PROBLEM STATEMENT —
For the entries that follow, retype exactly the lines from the one containing "If it's a purchased" to the one containing "Using one finger, swipe", inclusive, and only those. Images stay out of the copy.

──────── EXERCISE MATERIALS

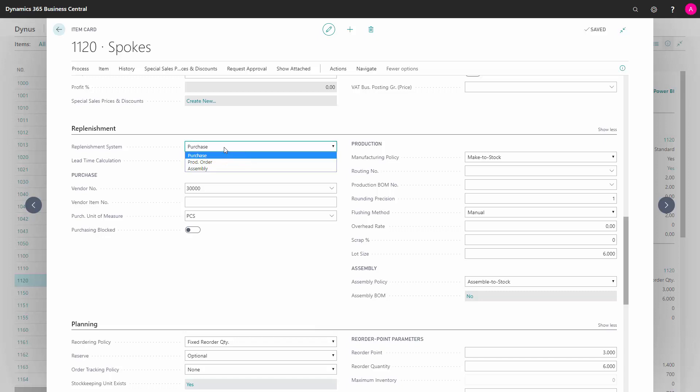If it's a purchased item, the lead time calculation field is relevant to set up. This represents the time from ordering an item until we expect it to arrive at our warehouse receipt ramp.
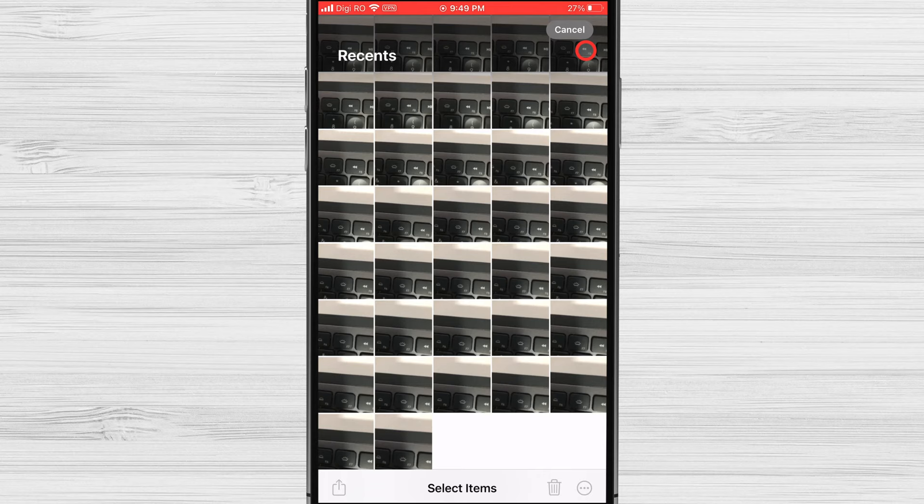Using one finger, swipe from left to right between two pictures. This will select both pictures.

────────────────
──────── EXERCISE MATERIALS

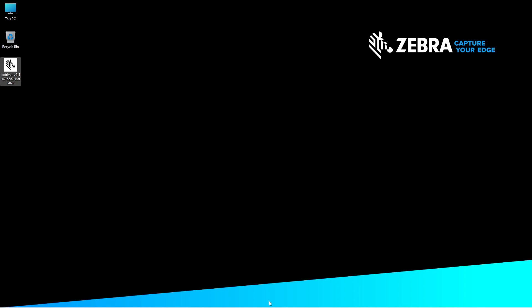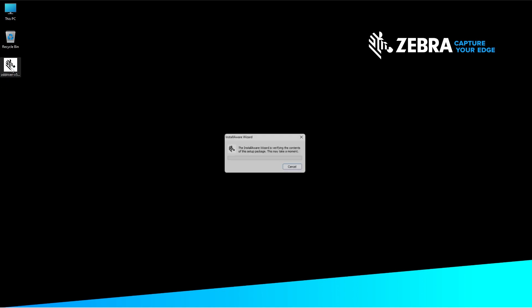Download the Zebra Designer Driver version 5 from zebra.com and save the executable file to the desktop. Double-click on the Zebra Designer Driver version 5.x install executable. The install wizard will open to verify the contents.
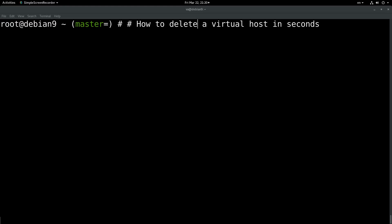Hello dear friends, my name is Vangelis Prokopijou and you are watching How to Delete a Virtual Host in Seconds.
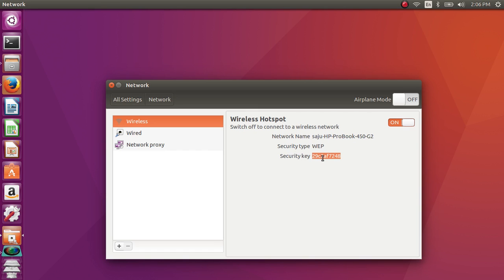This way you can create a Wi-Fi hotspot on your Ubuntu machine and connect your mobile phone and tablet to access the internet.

────────────────

EXPECTED ANSWER —
If it's a purchased item, the lead time calculation field is relevant to set up. This represents the time from ordering an item until we expect it to arrive at our warehouse receipt ramp.
Using one finger, swipe from left to right between two pictures. This will select both pictures.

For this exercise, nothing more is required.